Carregando...

Publicações

A possível bolha da IA: mais subprime do que pontocom?

18 Dezembro 2025/ Notícias & Artigos/

Eduardo Felipe Matias – A possível bolha da IA: mais subprime do que pontocom?

Eduardo Felipe Matias é autor dos livros A humanidade e suas fronteiras e A humanidade contra as cordas, ganhadores do Prêmio Jabuti e coordenador do livro Marco Legal das Startups. Doutor em Direito Internacional pela USP, foi visiting scholar nas universidades de Columbia, em NY, e Berkeley e Stanford, na California, e é professor convidado da Fundação Dom Cabral e sócio da área empresarial de Elias, Matias Advogados

 

A possibilidade de que o boom da IA seja uma bolha financeira vem sendo amplamente debatida. Se ela for real e estourar, o cenário tende a se parecer menos com o da bolha pontocom de 2000/2001 e mais com a crise do subprime de 2007/2008.

Na primeira, o problema principal foi a supervalorização de ações de empresas de tecnologia criadas para explorar a internet.
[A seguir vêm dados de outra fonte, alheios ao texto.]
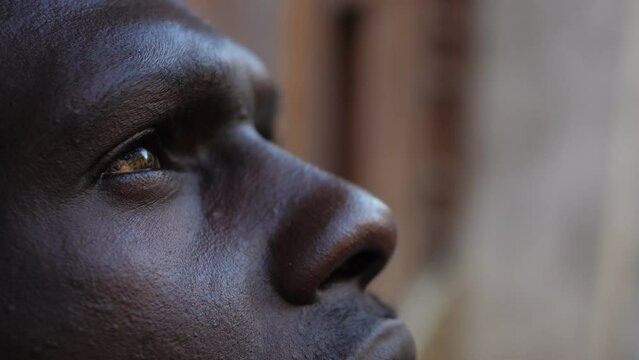 Migration, refugee concept. Young blac man looking the sky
Na segunda – que analisei junto à crise ambiental em meu livro “A humanidade contra as cordas” –, ruiu uma arquitetura financeira inteira, construída sobre dívidas arriscadas vendidas como seguras.

A hipótese que vem sendo discutida é a de que o perigo atual não estaria apenas no hype em torno de algoritmos, mas na forma de financiamento da infraestrutura de IA. Data centers, chips e redes de energia estão sendo erguidos com base em dívidas, bonds e crédito estruturado – uma combinação de alavancagem, opacidade e concentração que lembra o enredo da crise financeira global do subprime. Nos anos que a antecederam, o mercado imobiliário americano virou o motor de uma imensa engrenagem de crédito. Bancos concediam hipotecas arriscadas, muitas vezes a famílias sem condições de pagar, e empacotavam os empréstimos em títulos vendidos mundo afora. Pareciam investimentos sólidos, apoiados na crença de que os preços dos imóveis não cairiam no agregado. Quando estes recuaram, a inadimplência se espalhou, os títulos perderam valor e ficou claro que o risco estava alavancado e escondido sob camadas de engenharia financeira.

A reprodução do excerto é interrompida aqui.